PROBLEM: Drop the pictures and repeat the remaining data exactly.
START DATASET EXCERPT
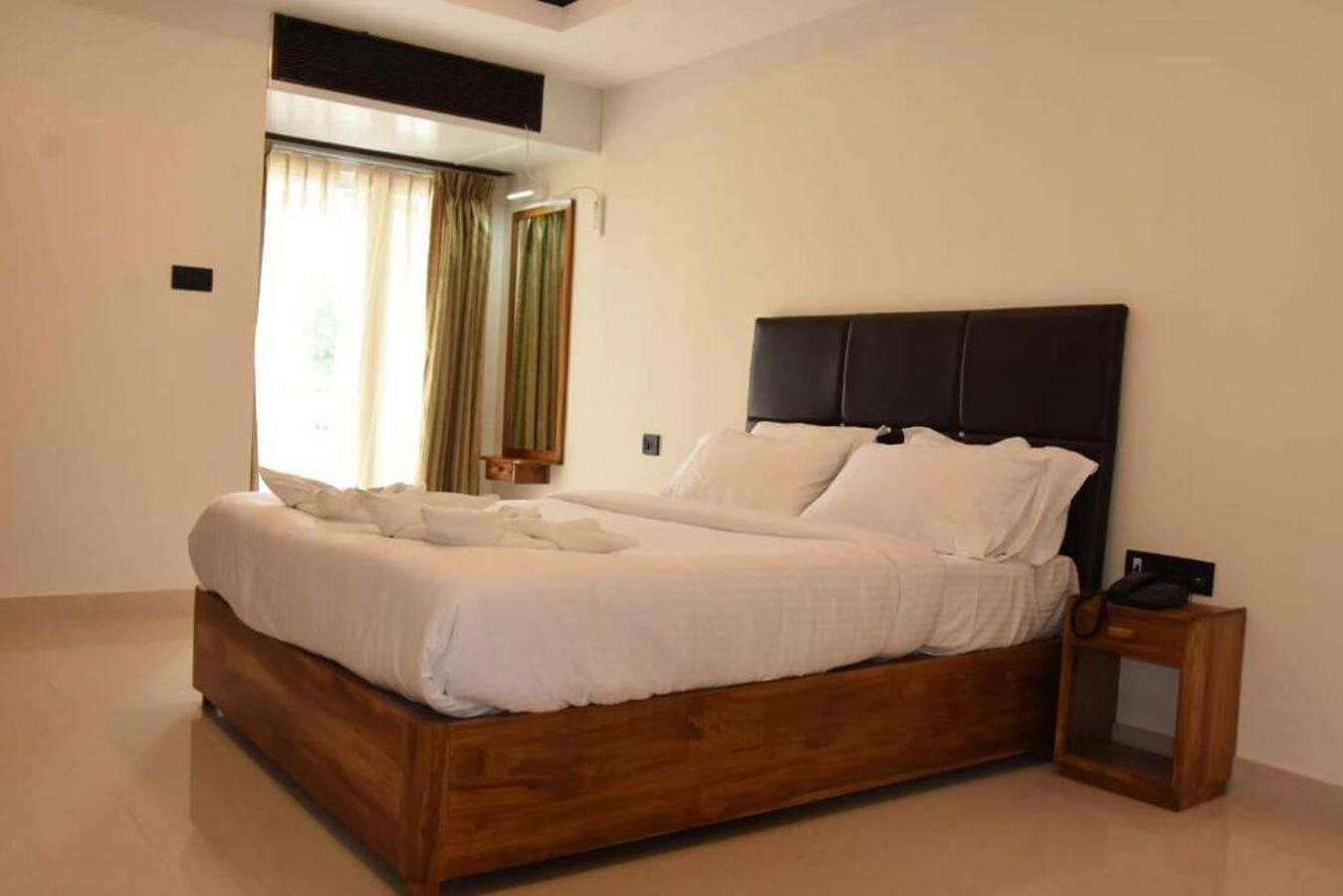 A modern bedroom with a wooden bed frame, white bedding, and a nightstand with a lamp.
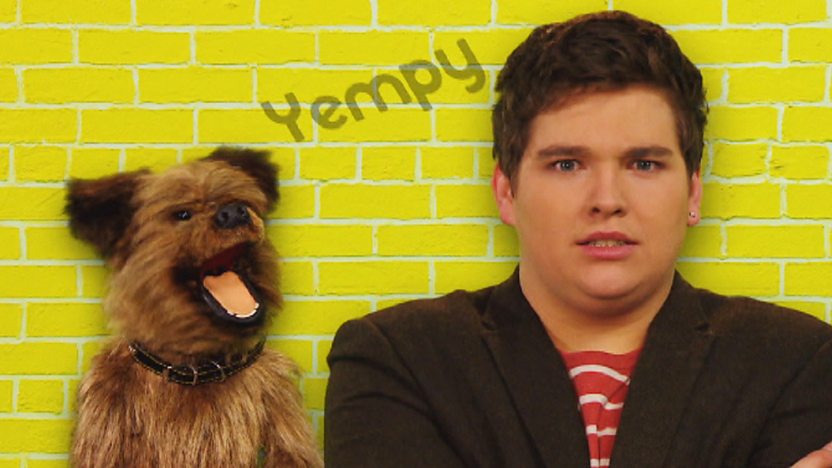 Chris and Hacker T Dog on a yellow background with the word 'Yempy' inbetween them.
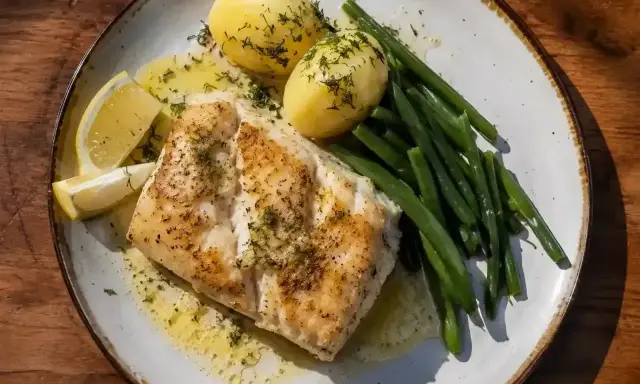 En tallrik med saftig torskrygg, kokt potatis, gröna bönor och citronklyftor. Perfekt för ett enkelt torskrygg recept.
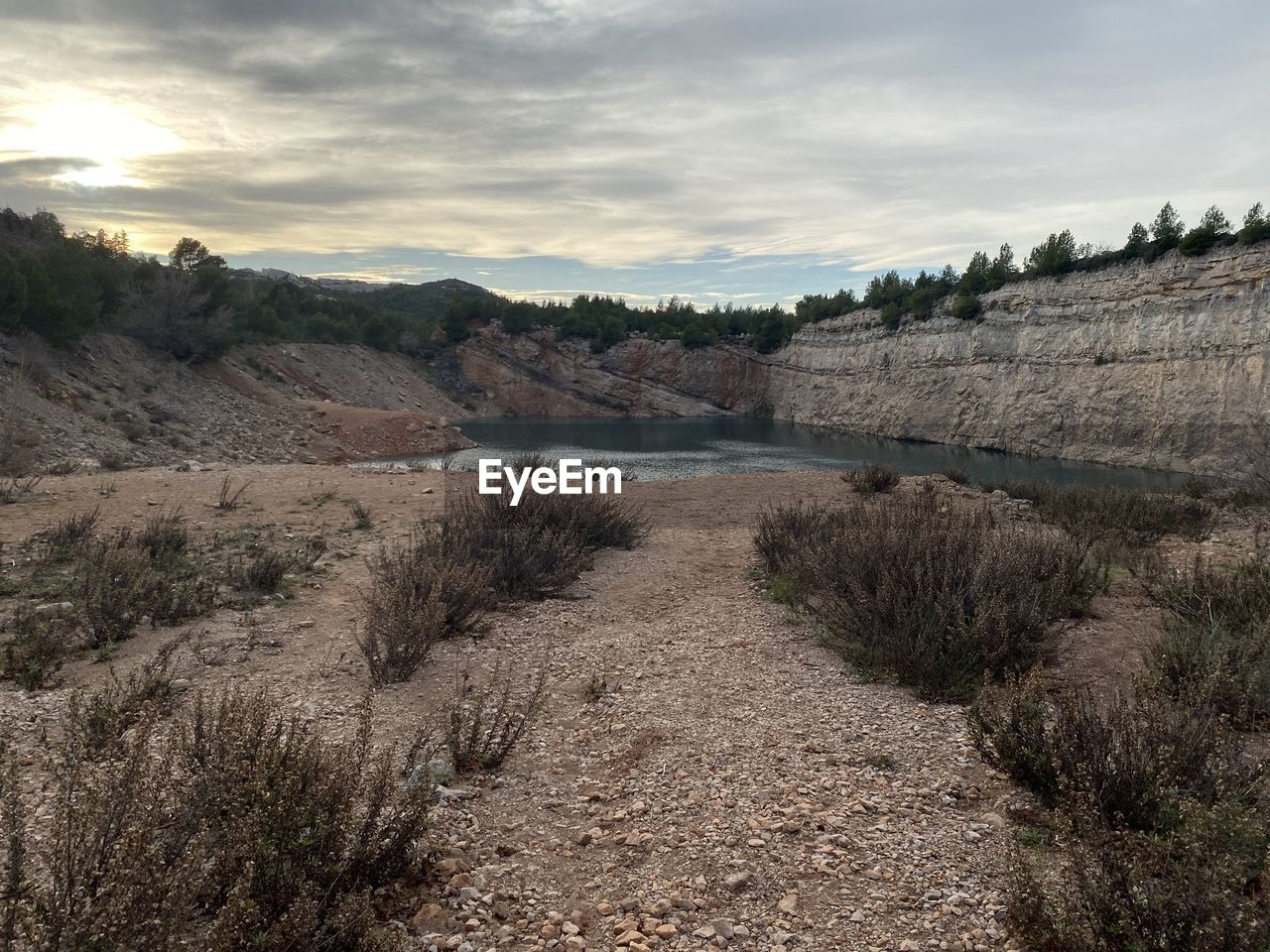 environment, landscape, sky, wilderness, nature, cloud, scenics - nature, land, plant, hill, no people, beauty in nature, tree, natural environment, travel, geology, water, travel destinations, reservoir, river, non-urban scene, tranquility, outdoors, rock, tourism, rural area, desert, tranquil scene, plateau, soil, valley, coast, terrain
END DATASET EXCERPT
SOLUTION TO THE EXERCISE:
 A modern bedroom with a wooden bed frame, white bedding, and a nightstand with a lamp.
 Chris and Hacker T Dog on a yellow background with the word 'Yempy' inbetween them.
 En tallrik med saftig torskrygg, kokt potatis, gröna bönor och citronklyftor. Perfekt för ett enkelt torskrygg recept.
 environment, landscape, sky, wilderness, nature, cloud, scenics - nature, land, plant, hill, no people, beauty in nature, tree, natural environment, travel, geology, water, travel destinations, reservoir, river, non-urban scene, tranquility, outdoors, rock, tourism, rural area, desert, tranquil scene, plateau, soil, valley, coast, terrain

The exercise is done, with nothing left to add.